Hi Phil, StarGeek, everyone,

I recently asked if it was possible to get EXIFtool to process only some of the columns when updating metadata from a CSV (or similarly, exclude one or more columns from the update). StarGeek kindly replied and confirmed that this isn't currently possible (and the -csv is essentially an "all or nothing" option). Also, that using -TAG in combination with -CSV does not work.

Request
While I appreciate the above being the current situation, I wondered if it would be possible to consider enhancing the -CSV option so that:
  • It could be used in conjunction with the -TAG and --TAG options, to process only specific columns in the CSV
  • There was an option like -IgnoreNonTagColumns

Rationale
  • While I realise CSVs are far from perfect, part of the appeal for users like myself is their extremely easy interoperability with programs like Excel and their tabular format makes it very easy to visualise (and so spot errors and make corrections) to metadata
  • To assist with the above, I will often add various 'helper columns' (e.g. A column which checks the lists the earliest date given across all date columns... and another which then flags if the CreateDate is different to this 'earliest date'
      └ Currently, if I leave these extra columns in the CSV, EXIFtool will advise that column X is not a valid tag name and (I believe) won't process the file at all... It would be great to be able to essentially tell EXIFtool "if you don't recognise a column, that's fine, just process the columns that are valid tag names and ignore any that aren't"
  • In addition, given the broad adoption of CSVs across many apps, it is likely that a CSV could be multi-functional and be intended for multiple apps/scripts to share... For example, personally I feed the same CSV that EXIFtool uses into PowerShell afterwards to rename selected files.

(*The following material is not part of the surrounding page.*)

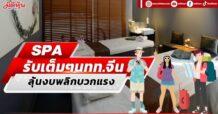 SPA รับเต็มๆนทท.จีน ลุ้นงบพลิกบวกแรง
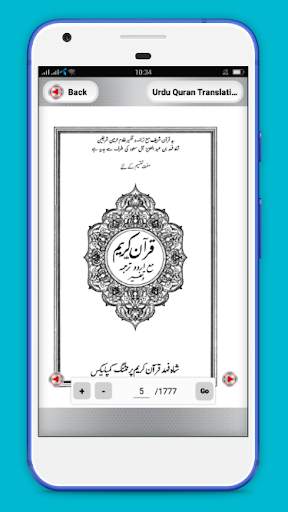Quran with urdu translation screenshot 3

Now, as the filename column is not processed by EXIFtool, I can use this column to 'hide' my extra data for PowerShell in, however I am conscious that there are hardly any other columns that can be "repurposed" like this and so ability to do much more is very limited.
  • Ultimately, while making custom CSVs for EXIFtool to import is possible (and a route I planned to go down initially), in reality this option is somewhat clunky and inefficient, and it would be great if I could create 'one CSV to rule them all' and just tell EXIFtool to process selected columns from it and/or skip columns it does not recognise.

I realise that you likely have a queue of planning changes and so there is no guarantee that this change could be implemented any time soon, I hope however that you agree this would be a beneficial change to EXIFtool, would help users interact with EXIFtool more easily, and would make it easier for users to use EXIFtool to manage/update their metadata.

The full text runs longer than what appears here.